Fasting blood glucose levels
At 8, 10, and 12 weeks of age, fasting blood glucose levels were higher in the GK group than in the WR group (p<0.05) and lower in the GK-Ex group than in the GK group (p<0.05, Fig. 2C).
Serum biochemical parameters
HbA1c (Fig. 3A) and total cholesterol (Fig. 3B) levels were higher in the GK group than in the WR and GK-Ex groups (p<0.05) and higher in the GK-Ex group than in the WR group (p<0.05). HDL (Fig. 3C) and LDL (Fig. 3D) cholesterol levels were higher in the GK group than in the WR group (p<0.05) and higher in the GK group than in the GK-Ex group (p<0.05). Triglyceride (Fig. 3E) and insulin (Fig. 3F) levels were lower in the GK and GK-Ex groups than in the WR group (p<0.05). There were no differences in adiponectin (Fig. 3G) and leptin (Fig. 3H) levels among the three groups.
Muscle weight
The soleus muscle weight was higher in the GK-Ex group than in the WR and GK groups (Fig. 4A). The soleus muscle weight per body weight was higher in the GK-Ex group than in the GK group (Fig. 4B). The plantaris muscle weight (Fig. 4C) and muscle weight per body weight (Fig. 4D) were higher in the GK-Ex group than in the WR and GK groups.

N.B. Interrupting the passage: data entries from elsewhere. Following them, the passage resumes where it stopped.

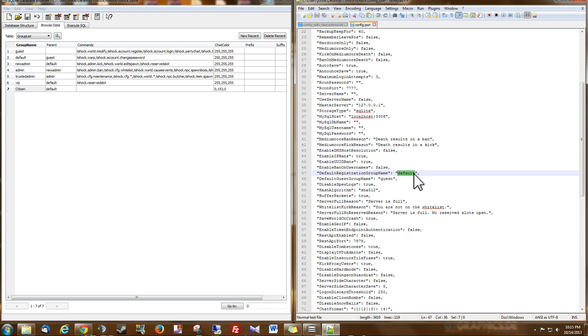So I'm just going to delete this Default Group. Careful not to make any other changes in the config file. So now they will register to the group Citizen.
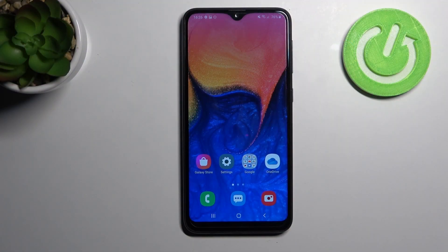Welcome! Today I will show you how to link or unlink Google Assistant into your Samsung Galaxy A10.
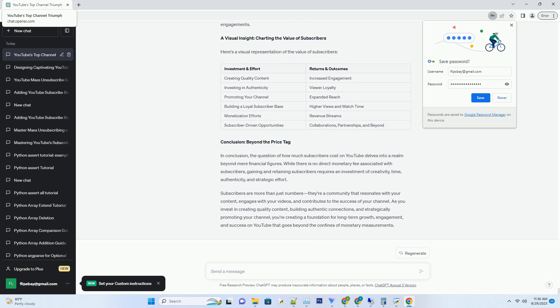Moreover, the relationships you build with your subscribers can open doors to collaborations, partnerships, and opportunities beyond YouTube. Successful creators often leverage their subscriber base to launch businesses, write books, or embark on speaking engagements. A Visual Insight: Charting the Value of Subscribers. Here's a visual representation of the value of subscribers.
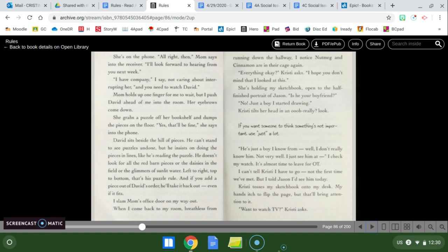He can't stand to see puzzles undone, but he insists on doing the pieces and lines like he's reading the puzzle. He doesn't look for all the red barn pieces or the daisies in the fields or the glimmers of sunlight water. Left to right, top to bottom, that's his puzzle rule. And if you add a piece out of David's order, he'll take it back out, even if it fits. I slam mom's office door on my way out. When I come back to my room, breathless from running down the hallway, I notice nutmeg and cinnamon are in their cage again. Everything okay? Christy asks. I hope you don't mind that I looked at this. She's holding my sketchbook open to the half-finished portrait of Jason. Is he your boyfriend?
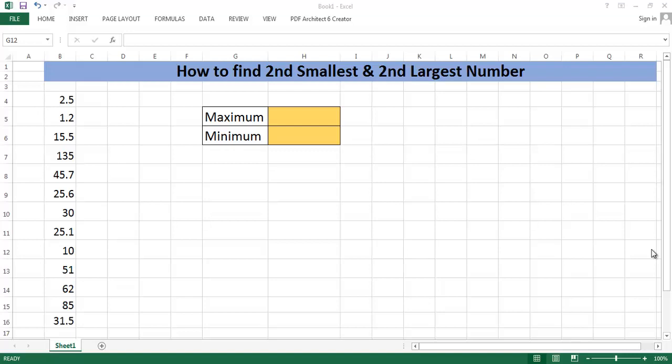Hello everybody, welcome to TrueTuber Tech. In this video you will learn how to determine second smallest number or second largest number in a data set. Not second specifically, you can determine any kth smallest or kth largest number within a data set.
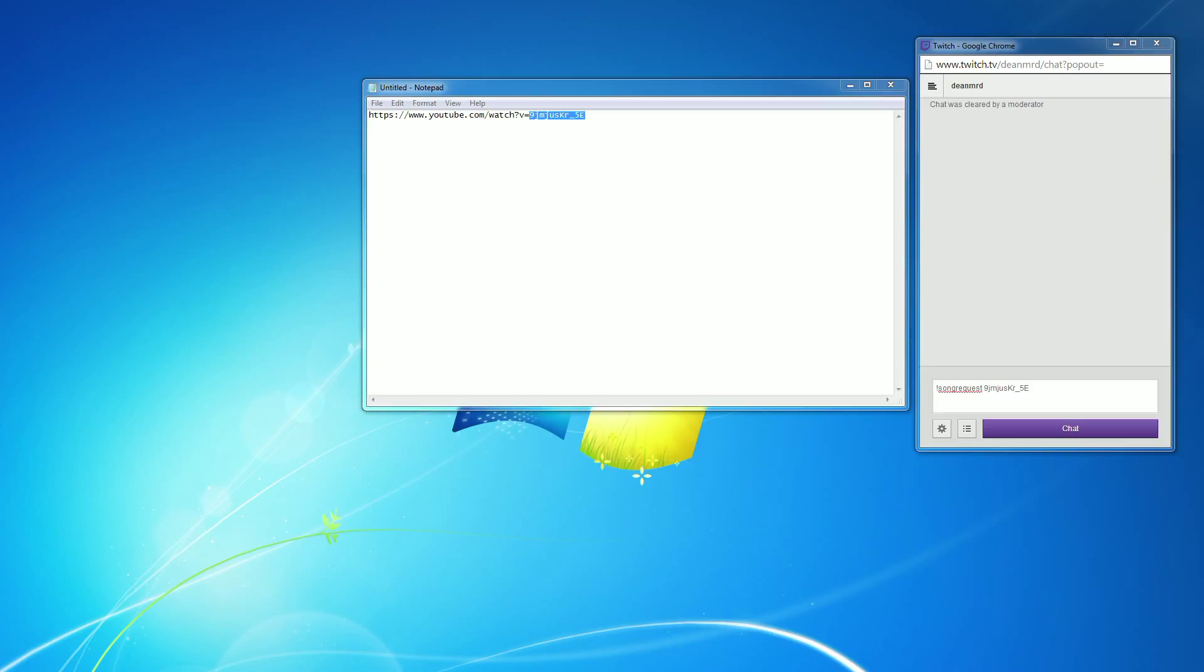Some channels will have automatic request systems in place so you can request your own music that you want to listen to while you're in that channel, and this is how you do it.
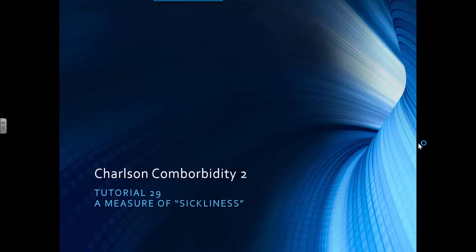Charleston Comorbidity 2, Tutorial 29: A Measure of Sickliness.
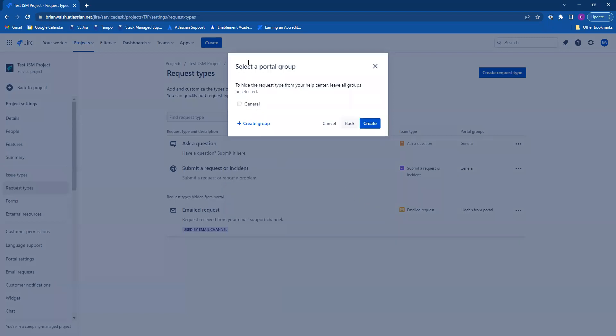Now here is where you select a portal group for your request type. If you leave it blank, don't select anything, it's going to be hidden from the portal. When you're all done, click on create.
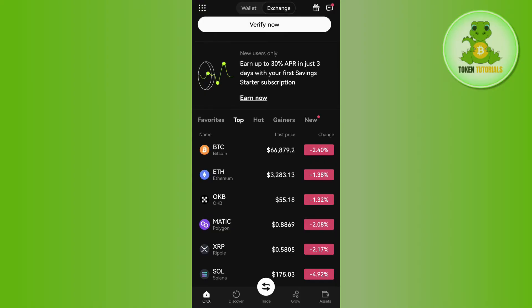Once you are on OKX Exchange, on the home page you are going to see Bitcoin and its current price. It will also show you the 24-hour changes on the home page for Bitcoin as well.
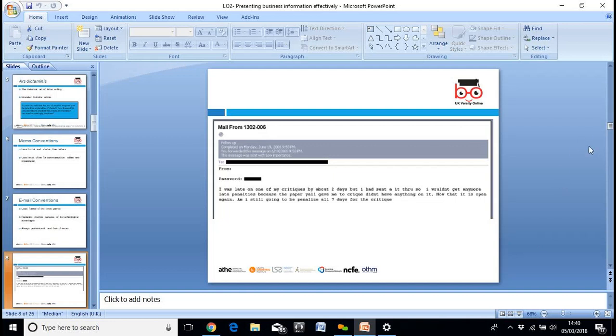This is an example of how not to send an email. This is from a student to his tutor: 'I was late on one of my critiques by about two days, but I had sent it through so I wouldn't get any more late penalties because the paper you gave me to critique didn't have anything on it. Now that it is open again, am I still going to be penalized all seven days for the critique?' It's basically all one sentence, there's no punctuation whatsoever, it's using colloquial language, and it is unclear as to what he actually wants.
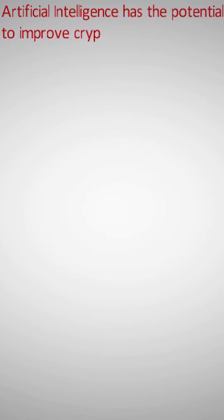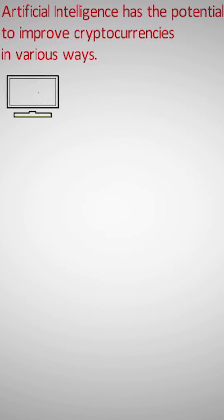Artificial intelligence has the potential to improve cryptocurrencies in various ways. One significant advantage of AI is that it makes existing processes more efficient.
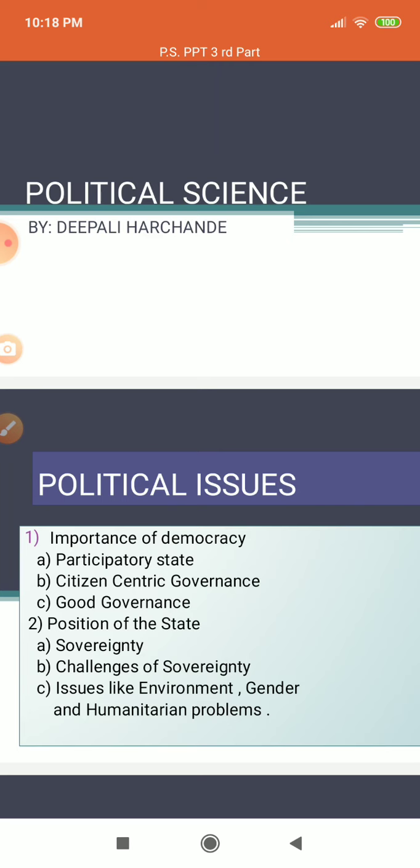Like in our country, we have created a constitution and as per the constitution we are running our country and our administration. Same like that, other countries have also made their own systems — not exactly like a constitution, but they have made their own system: that presidential system, monarchical system. These are the methods to run their country and run the administration smoothly.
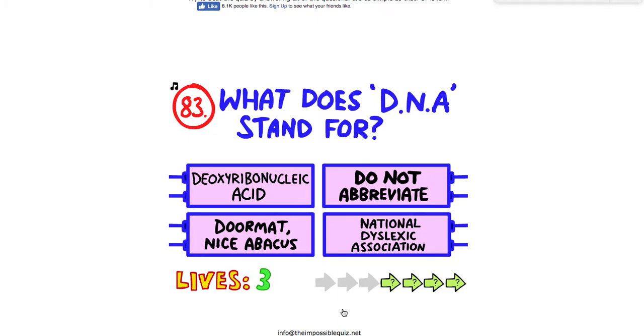We're gonna continue on the impossible quiz that I don't like, so let's do this.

Muscle histochemical properties
The soleus muscles in the WR group contained three types of fibers: I, IIA, and IIC (Fig. 5A, B), whereas these muscles in the GK group contained only type I fibers (Fig. 5C, D). In the GK-Ex group, seven rats had only type I fibers (Fig. 5E, F), whereas the other three had fiber types: I, IIA, and IIC (Fig. 5G, H). The percentage of type I fibers was higher in the GK and GK-Ex groups than in the WR group (p<0.05, Fig. 6A), whereas the percentage of type IIA fibers was lower in the GK-Ex group than in the WR group (p<0.05). The CSA of type I fibers was larger in the GK-Ex group than in the WR and GK groups (p<0.05, Fig. 6B), whereas the CSA of type IIA fibers was larger in the GK-Ex group than in the WR group (p<0.05).
The plantaris muscles in all three groups contained three types of fibers: I, IIA, and IIB (Fig. 7). The percentages of type IIA and type IIB fibers were lower in the GK group than in the WR group (p<0.05, Fig. 6C), whereas these percentages were higher in the GK-Ex group than in the GK group (p<0.05). There were no differences in the CSAs among the three groups, irrespective of fiber type (Fig. 6D).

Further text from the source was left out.